**WORK REQUIRED**
Where the data below begins, start duplicating lines exactly, and finish with the line containing "Now for your"; add nothing else. Leave the pictures out.

(Excerpts from a dataset)
"""

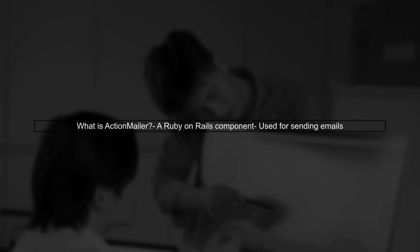Let's begin by understanding what Action Mailer is. Action Mailer is a component of Ruby on Rails that allows you to send emails from your application.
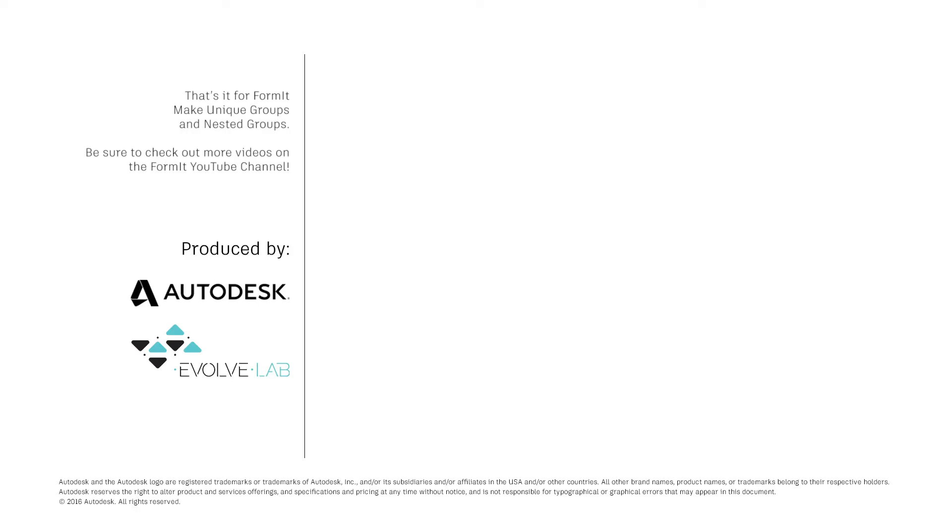And that's it for Formit unique groups and nested groups. Be sure to check out more videos on the Formit YouTube channel.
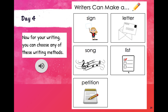Now for your writing, you can choose any of these writing methods. Think about the things that you want to fix. Can you make it a sign? Can you do a letter? Can you write a song? Can you make a list? Can you do a petition? You guys have a choice, as a writer, to choose any of these five methods to convince others.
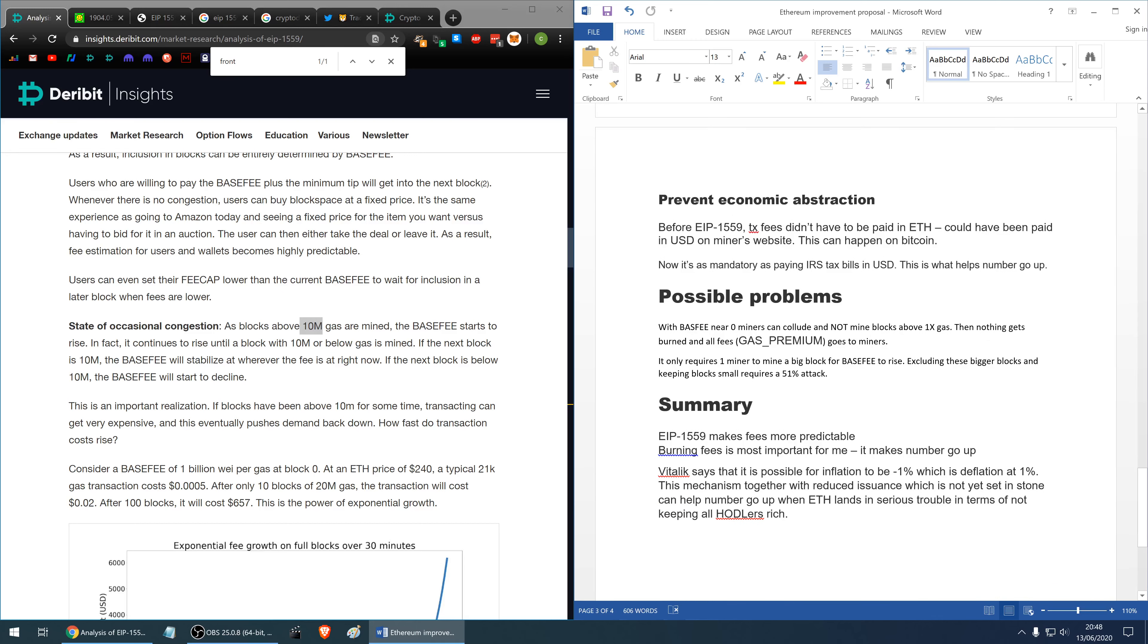Another feature of this proposal is it prevents economic abstraction. Before this proposal transaction fees didn't have to be paid in Ethereum. You could have paid miners on their website in US dollars and this can happen on Bitcoin at the moment. With the proposal it would not be possible because there will be mandatory burn for every transaction and that burn has to be in Ethereum.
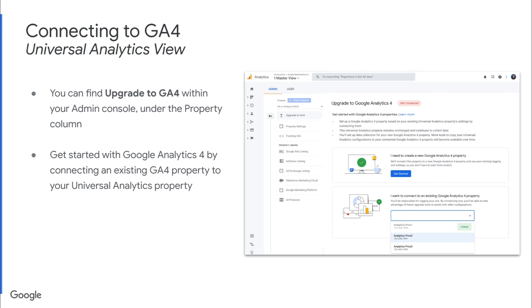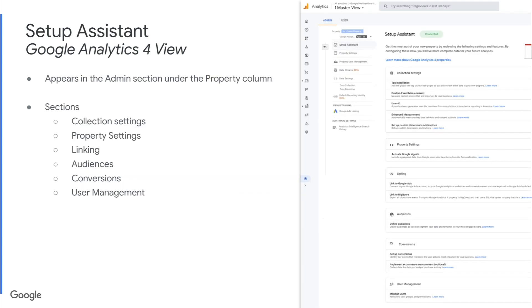Once you've chosen the appropriate property, you'll hit Link to link them. Once you've linked them, you can head on over to your Google Analytics 4 view to see the setup assistant like you see on the right. A quick note that this actually appears within your admin section in your GA4 property, whether you've gone through the linking process or not.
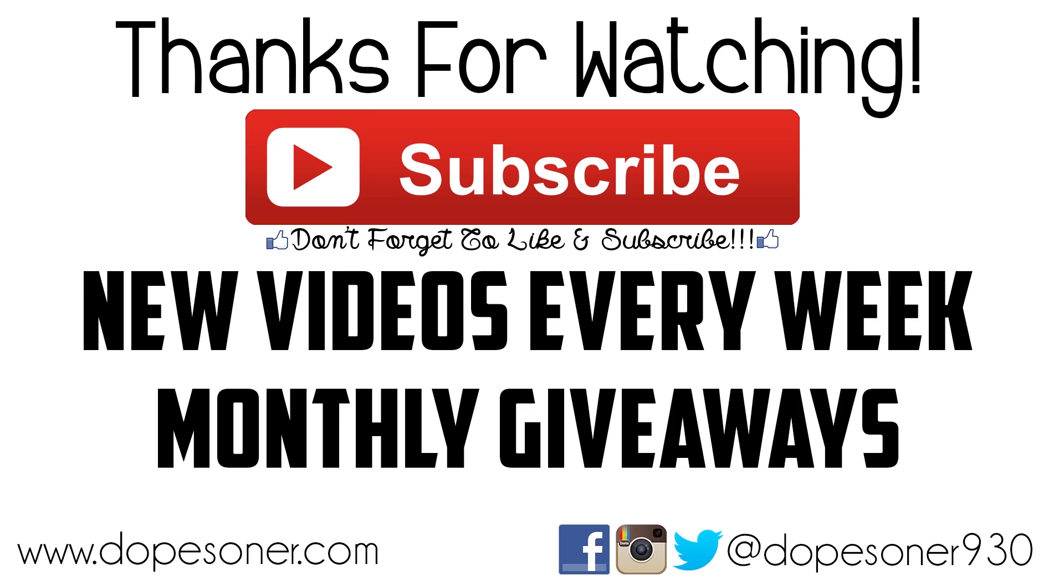Hey guys, don't forget to hit the like button on the bottom of this video. And if you're not subscribed, subscribe for new great videos every single week, including monthly giveaways. Thank you so much for checking out this video and I'll see you guys next time.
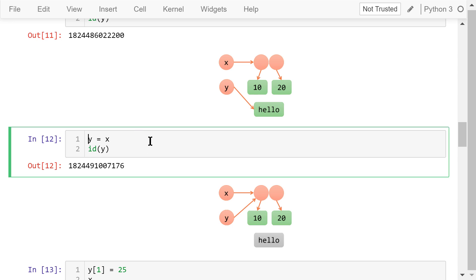Next, we assign x to y. Y's id is the same as x's id now. In the memory, the link between y and hello is broken, and y is now pointing to this container, just like x.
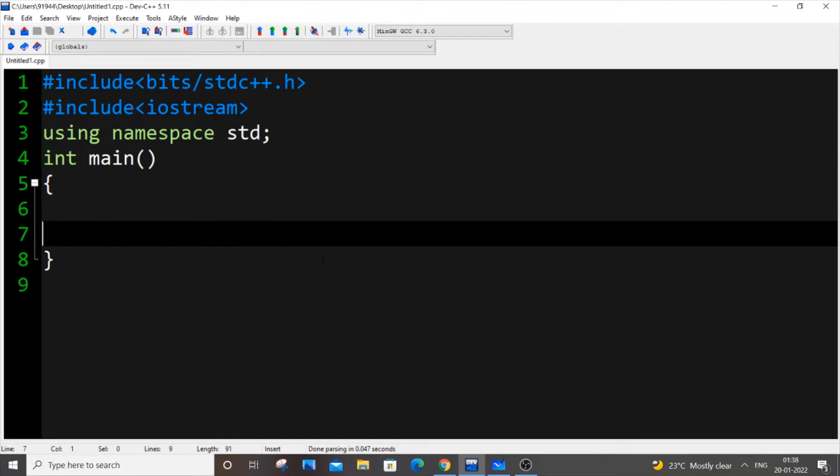Hello everyone, in this video we are going to see about priority queue in C++ STL. So let's get started.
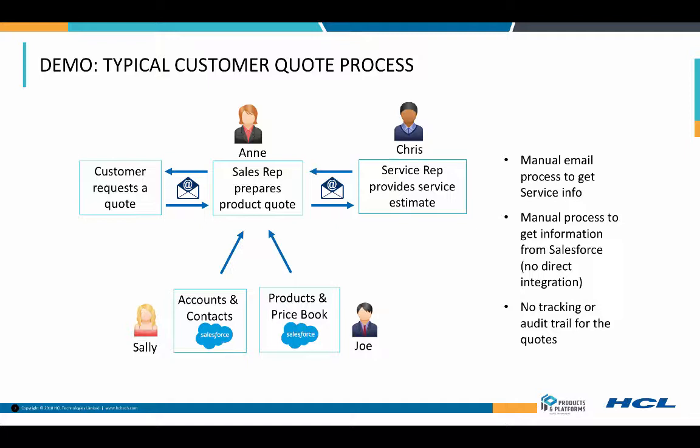Chris adds his estimates on when the install could be done and the number of hours it should take. Ann receives it back from Chris, reviews it, and then sends it off to the customer. Problem is, this is manual, it's inefficient, and there's no auto tracking whatsoever.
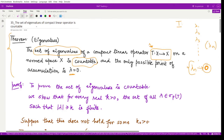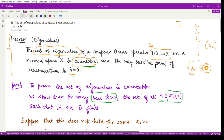To prove that the set of eigenvalues is a countable set, we prove that for every real number k > 0, the set of all eigenvalues λ belonging to the point spectrum of T which satisfy the condition that |λ| ≥ k is finite.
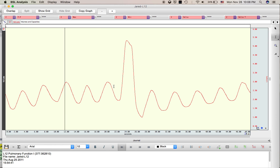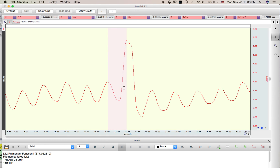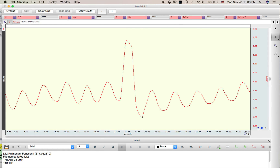If I want to know the IRV — the inspiratory reserve volume — I'm going to highlight from the top of a normal breath and go to the top of my deep inhale. I'll use the delta tool to find the difference between the starting point and the ending point in liters, and that is going to be roughly 2.33 liters. The ERV can be measured by going from the lowest point of the deep exhale to the lowest point of a normal exhale, and that value is going to be roughly 0.39 liters.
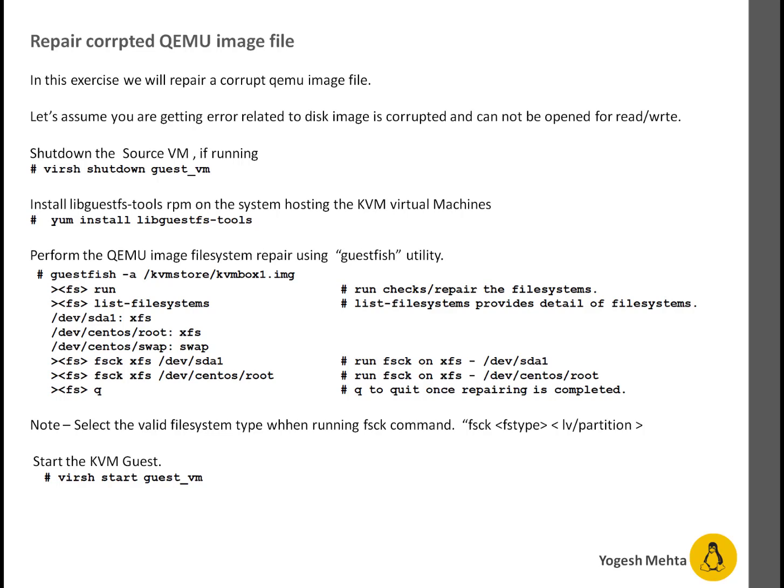So how do you repair it? First, shut down the guest VM if it is running. After that, install the libguestfs-tools rpm package.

"""

**EXERCISE RESULT**
Let's begin by understanding what Action Mailer is. Action Mailer is a component of Ruby on Rails that allows you to send emails from your application.
And that's it for Formit unique groups and nested groups. Be sure to check out more videos on the Formit YouTube channel.
Now for your writing, you can choose any of these writing methods. Think about the things that you want to fix. Can you make it a sign? Can you do a letter? Can you write a song? Can you make a list? Can you do a petition? You guys have a choice, as a writer, to choose any of these five methods to convince others.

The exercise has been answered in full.